Content starts
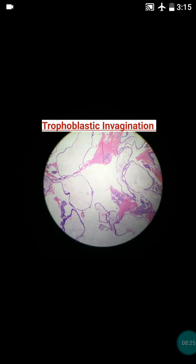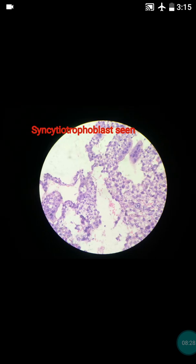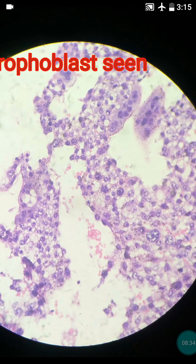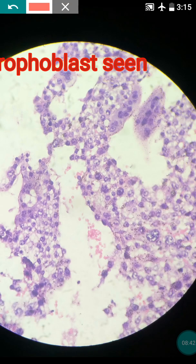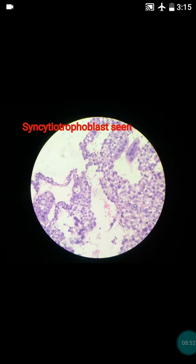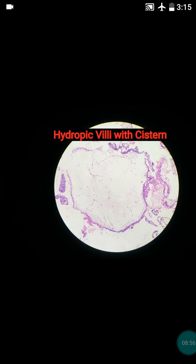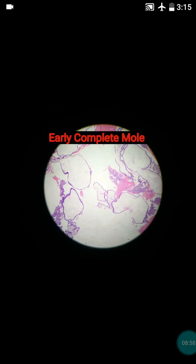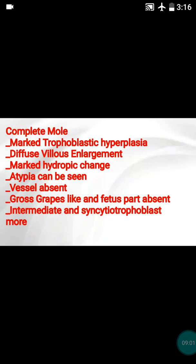This complete hydatidiform mole is usually formed due to abnormal gametogenesis and fertilization. One important point regarding cytotrophoblast morphology: the cytoplasm is clear or eosinophilic with a single centrally placed vesicular nucleus, and they are small round mononuclear cells with distinct cell borders.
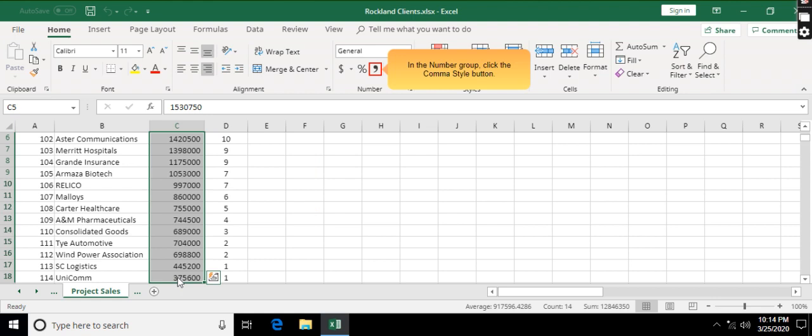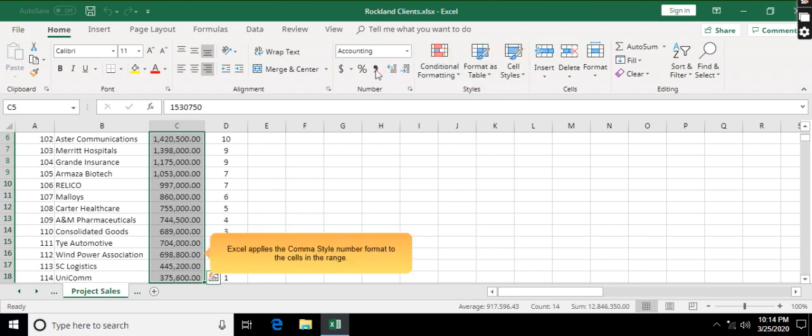In the number group, click the comma style button. Excel applies the comma style number format to the cells in the range.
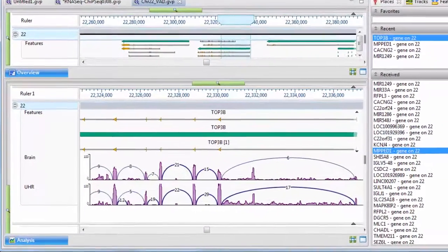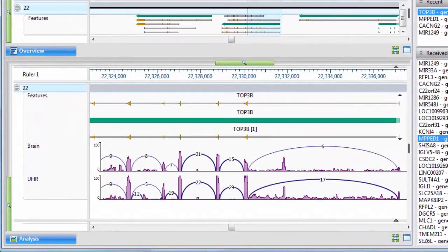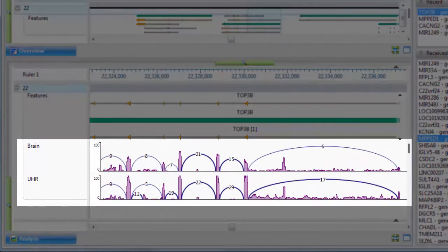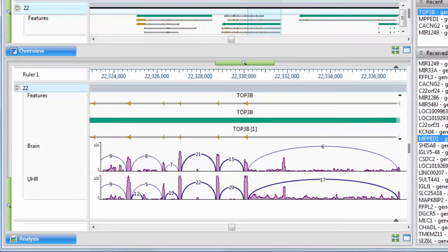Visualize and analyze mRNA isoforms using sashimi plots, which display the depth of coverage for each exon, shown as a bar graph, alongside arcs representing the number of reads split across each junction.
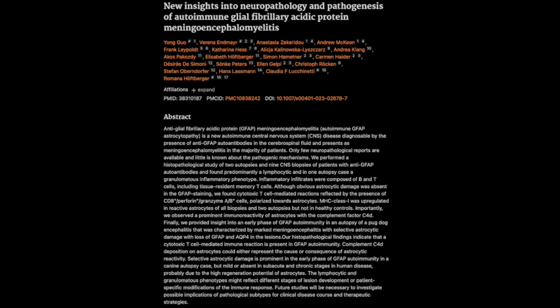Moving to the biopsy cases, most supported the lymphocytic presentation. One consistent finding was the upregulation of MHC class I on the astrocytes, which is involved in presenting antigens to the immune system. This suggests that cytotoxic T cells — specialized immune cells — are directly targeting and attacking those astrocytes. To further support this, they found granzyme and perforin-expressing CD8+ T cells near the astrocytes in those biopsies, visible in Figure 7. Those are the weapons cytotoxic T cells use to eliminate their targets.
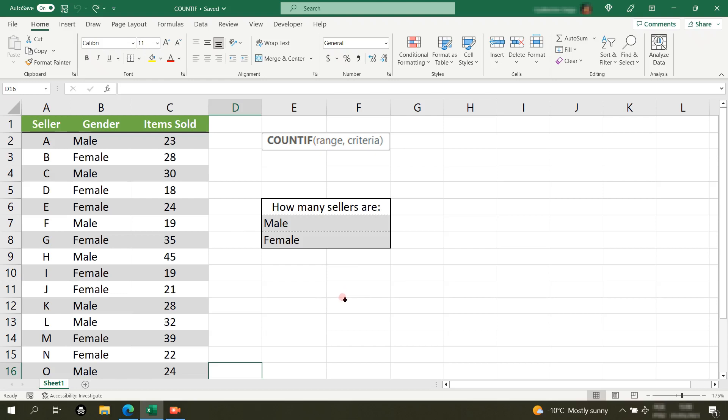Hello everyone! In today's video I'm going to show you how to use the COUNTIF function in Excel. This function counts how many cells satisfy a given condition.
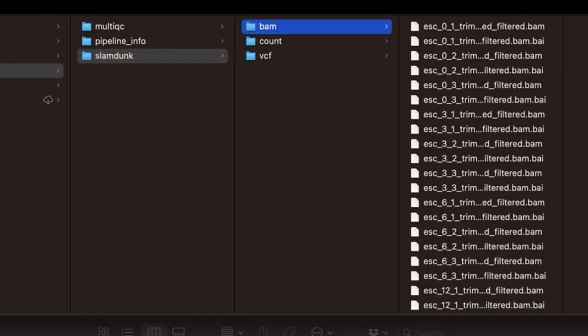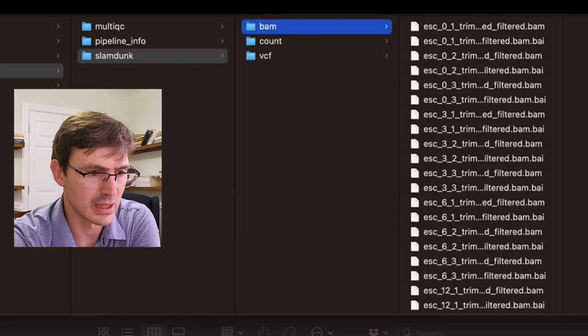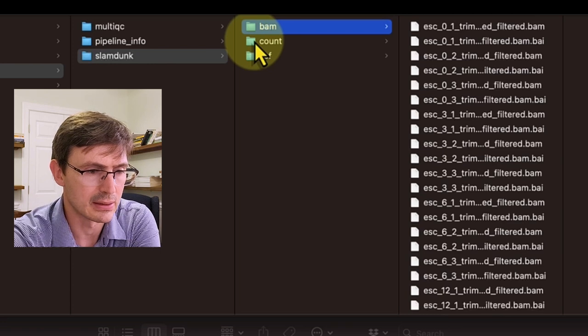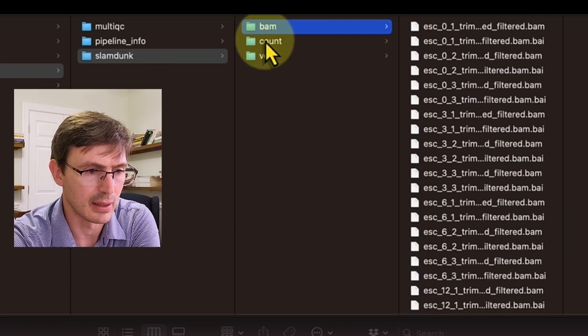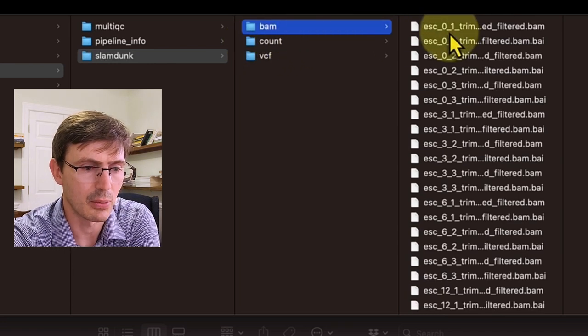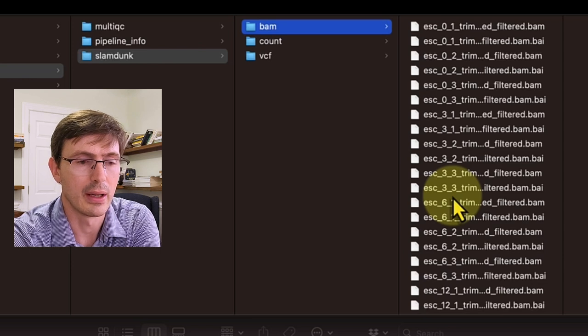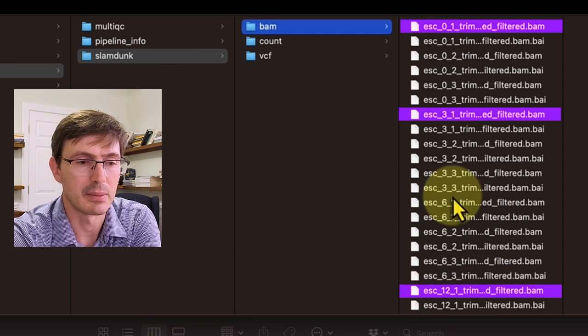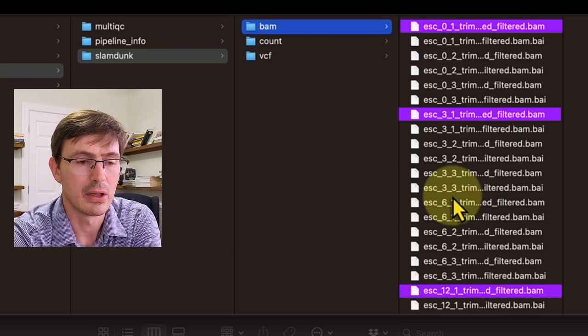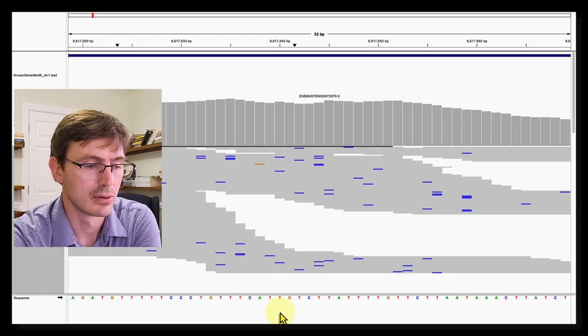So when you run your analysis at a certain point, you align the reads to generate BAM files. In our case, we are using SLAMDUNK and the files are in this BAM folder. And here we have four different time points. So now I will open a file for time 0, 3 and 12 to see how the raw reads map to the genome.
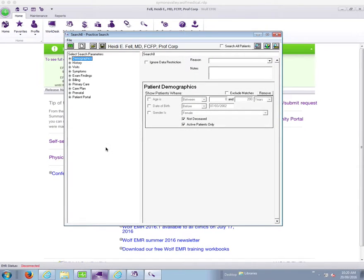My name is Dr. Heidi Fell and in this video I'm going to show you how to identify your patients that are overdue for pap smears.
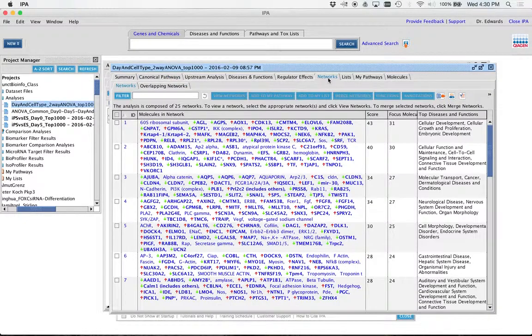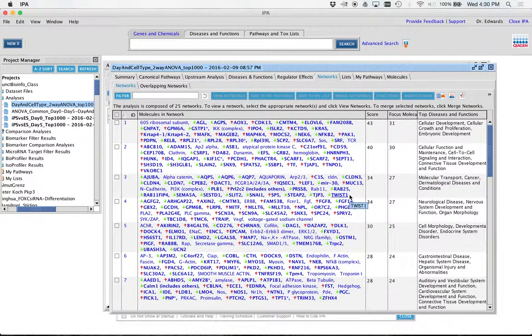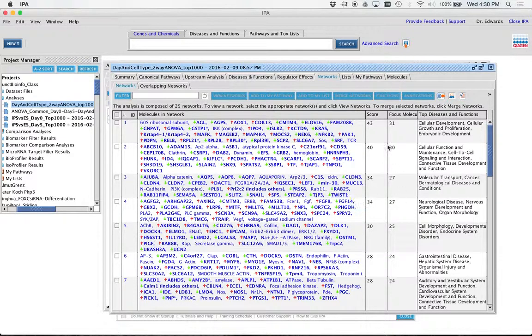Let's go to networks. Again, remember, this is where they basically group genes based on any biological connections, regardless of whether they're in the same pathway or not.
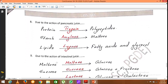Due to the action of pancreatic juice secreted by the pancreas: proteins are first converted into polypeptides due to the action of trypsin. Earlier inside the stomach, the enzyme pepsin also converted proteins into polypeptides. So the undigested proteins are converted into polypeptides due to the action of trypsin secreted by the pancreas.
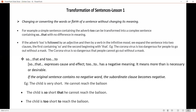One rule is: if the adverb 'too' is followed by an adjective and then by a verb in the infinitive mode, you expand the sentence into two clauses — the first containing 'so' and the second beginning with 'that.' Look at this example: the coronavirus is too dangerous for people to go out without a mask. Here, the adverb 'too' is followed by the adjective 'dangerous,' and the verb 'go' is in the infinitive mode — 'to go.' Now, how to transform this? Using 'so that': the coronavirus is so dangerous that people cannot go out without a mask. Remember, the sentence is in present tense.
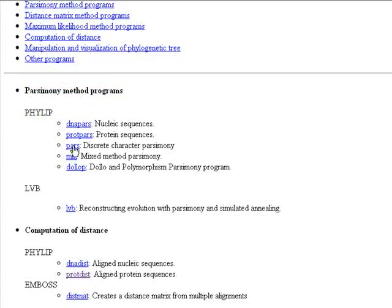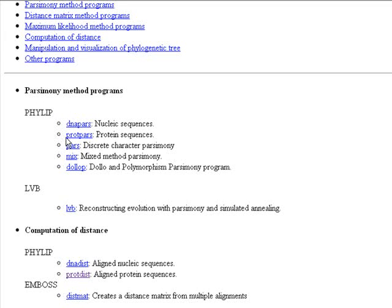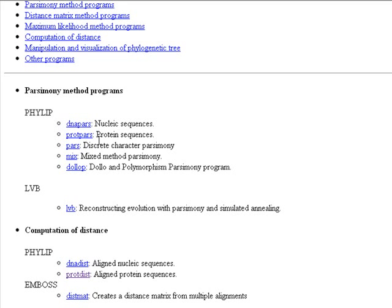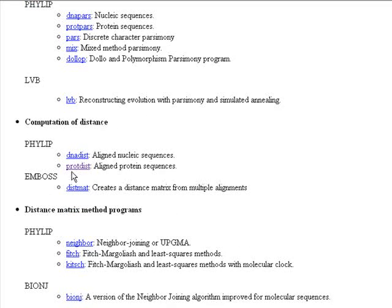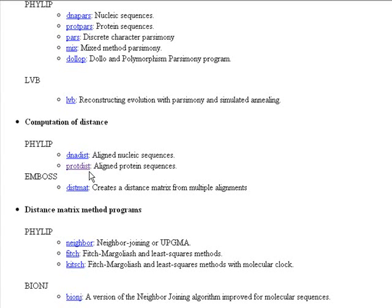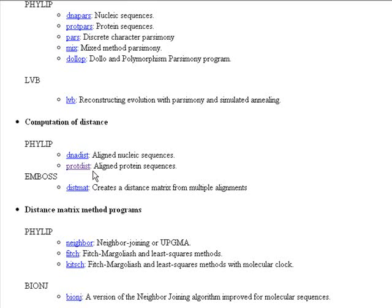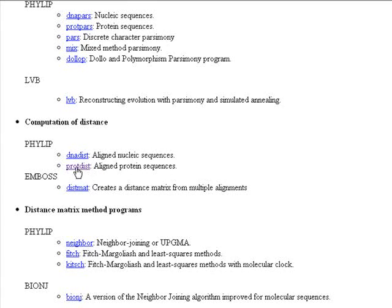For example, in the parsimony method programs we have PROTPARS, which is for protein sequences. But this program works better with closely related sequences. That's why we're going to use the PROTDIST, which is a method that uses a substitution matrix to measure the distance between your aligned sequences. So it says here that it's for aligned protein sequences. I will click PROTDIST.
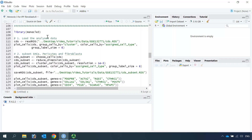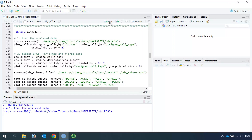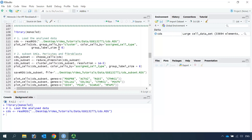So we just need to load the package in Monocle3, then we can read the saved CDS object into R. Let's plot the cells to check if it is the object that we saved last time.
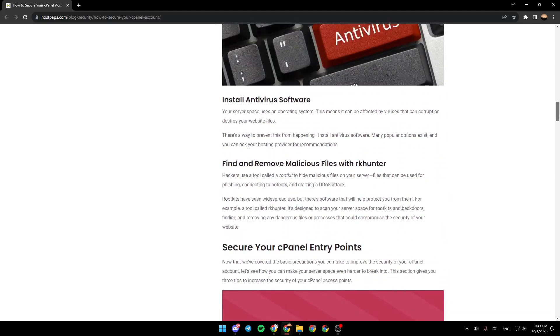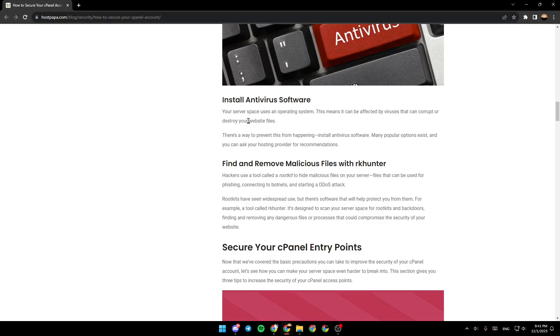Install antivirus software. Your server space uses an operating system, which means it can be affected by viruses that can corrupt or destroy your website's files. The other way is to find and remove malicious files with RKHunter.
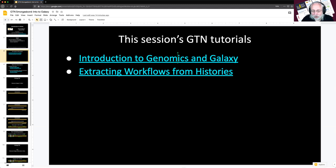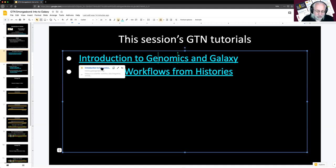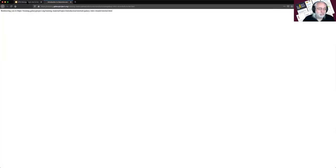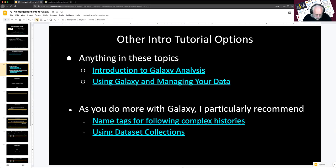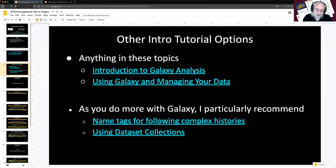This session's tutorials are introduction to genomics in Galaxy, and about two-thirds of the way through we'll make a slight dip into extracting workflows from histories. Those are the two tutorials we'll be walking through today. There are lots of other intro tutorial options in the GTN, which is grouped by topic. The two introductory ones are Introduction to Galaxy Analysis and Using Galaxy and Managing Your Data.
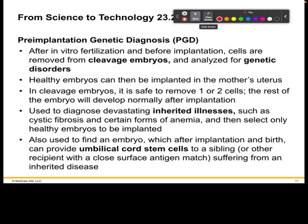Pre-implantation genetic diagnosis can be performed after in vitro fertilization and before implantation. Cells can be removed from cleavage embryos and have their genetics analyzed to see if there are any disorders. Healthy embryos can then be implanted back into the mother's uterus.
Content ends
- Problem details: Take the data above and set it down exactly, images excluded.

- Response to the exercise:
This complete hydatidiform mole is usually formed due to abnormal gametogenesis and fertilization. One important point regarding cytotrophoblast morphology: the cytoplasm is clear or eosinophilic with a single centrally placed vesicular nucleus, and they are small round mononuclear cells with distinct cell borders.
In the number group, click the comma style button. Excel applies the comma style number format to the cells in the range.
Visualize and analyze mRNA isoforms using sashimi plots, which display the depth of coverage for each exon, shown as a bar graph, alongside arcs representing the number of reads split across each junction.
Moving to the biopsy cases, most supported the lymphocytic presentation. One consistent finding was the upregulation of MHC class I on the astrocytes, which is involved in presenting antigens to the immune system. This suggests that cytotoxic T cells — specialized immune cells — are directly targeting and attacking those astrocytes. To further support this, they found granzyme and perforin-expressing CD8+ T cells near the astrocytes in those biopsies, visible in Figure 7. Those are the weapons cytotoxic T cells use to eliminate their targets.
Hello everyone! In today's video I'm going to show you how to use the COUNTIF function in Excel. This function counts how many cells satisfy a given condition.
So when you run your analysis at a certain point, you align the reads to generate BAM files. In our case, we are using SLAMDUNK and the files are in this BAM folder. And here we have four different time points. So now I will open a file for time 0, 3 and 12 to see how the raw reads map to the genome.
My name is Dr. Heidi Fell and in this video I'm going to show you how to identify your patients that are overdue for pap smears.
Let's go to networks. Again, remember, this is where they basically group genes based on any biological connections, regardless of whether they're in the same pathway or not.
Due to the action of pancreatic juice secreted by the pancreas: proteins are first converted into polypeptides due to the action of trypsin. Earlier inside the stomach, the enzyme pepsin also converted proteins into polypeptides. So the undigested proteins are converted into polypeptides due to the action of trypsin secreted by the pancreas.
One rule is: if the adverb 'too' is followed by an adjective and then by a verb in the infinitive mode, you expand the sentence into two clauses — the first containing 'so' and the second beginning with 'that.' Look at this example: the coronavirus is too dangerous for people to go out without a mask. Here, the adverb 'too' is followed by the adjective 'dangerous,' and the verb 'go' is in the infinitive mode — 'to go.' Now, how to transform this? Using 'so that': the coronavirus is so dangerous that people cannot go out without a mask. Remember, the sentence is in present tense.
For example, in the parsimony method programs we have PROTPARS, which is for protein sequences. But this program works better with closely related sequences. That's why we're going to use the PROTDIST, which is a method that uses a substitution matrix to measure the distance between your aligned sequences. So it says here that it's for aligned protein sequences. I will click PROTDIST.
So we just need to load the package in Monocle3, then we can read the saved CDS object into R. Let's plot the cells to check if it is the object that we saved last time.
Install antivirus software. Your server space uses an operating system, which means it can be affected by viruses that can corrupt or destroy your website's files. The other way is to find and remove malicious files with RKHunter.
This session's tutorials are introduction to genomics in Galaxy, and about two-thirds of the way through we'll make a slight dip into extracting workflows from histories. Those are the two tutorials we'll be walking through today. There are lots of other intro tutorial options in the GTN, which is grouped by topic. The two introductory ones are Introduction to Galaxy Analysis and Using Galaxy and Managing Your Data.
Pre-implantation genetic diagnosis can be performed after in vitro fertilization and before implantation. Cells can be removed from cleavage embryos and have their genetics analyzed to see if there are any disorders. Healthy embryos can then be implanted back into the mother's uterus.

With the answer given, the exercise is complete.